* _TASK PROMPT_
Without including any images, output the listing below exactly.

** Opening DATA BLOCK block **

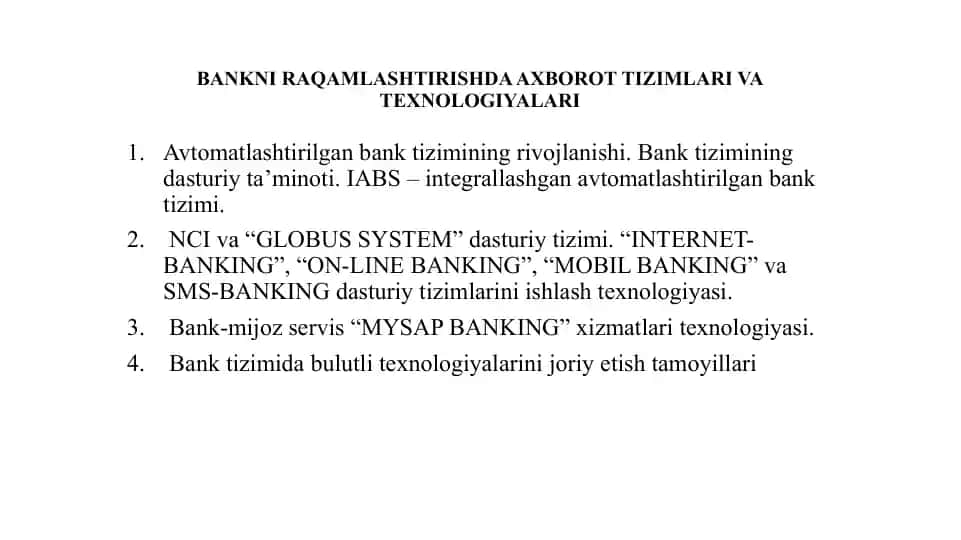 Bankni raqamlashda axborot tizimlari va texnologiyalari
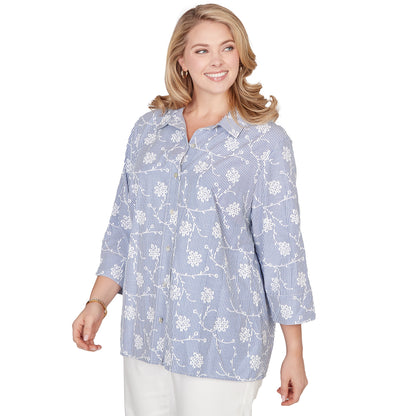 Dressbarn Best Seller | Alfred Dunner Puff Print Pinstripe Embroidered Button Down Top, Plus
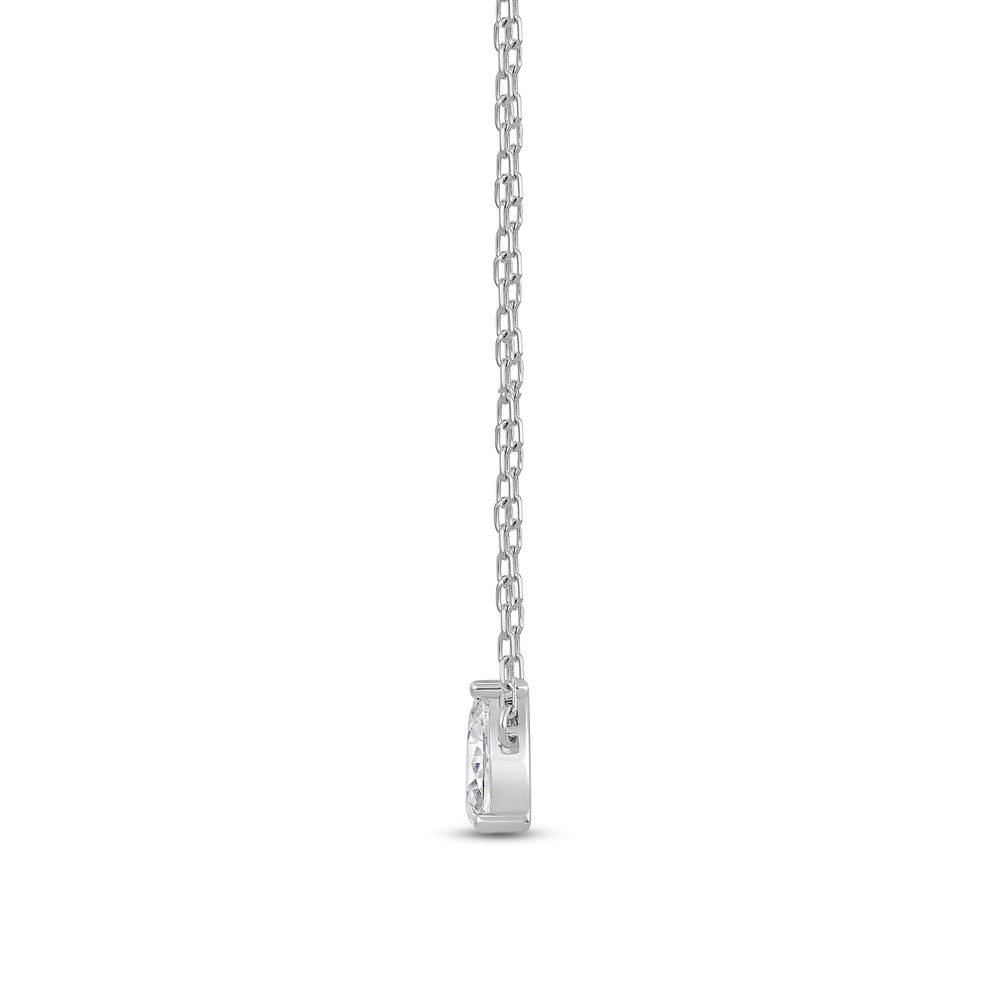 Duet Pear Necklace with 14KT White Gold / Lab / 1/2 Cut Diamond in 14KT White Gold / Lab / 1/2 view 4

** Closing DATA BLOCK block **

* _RESPONSE_
 Bankni raqamlashda axborot tizimlari va texnologiyalari
 Dressbarn Best Seller | Alfred Dunner Puff Print Pinstripe Embroidered Button Down Top, Plus
 Duet Pear Necklace with 14KT White Gold / Lab / 1/2 Cut Diamond in 14KT White Gold / Lab / 1/2 view 4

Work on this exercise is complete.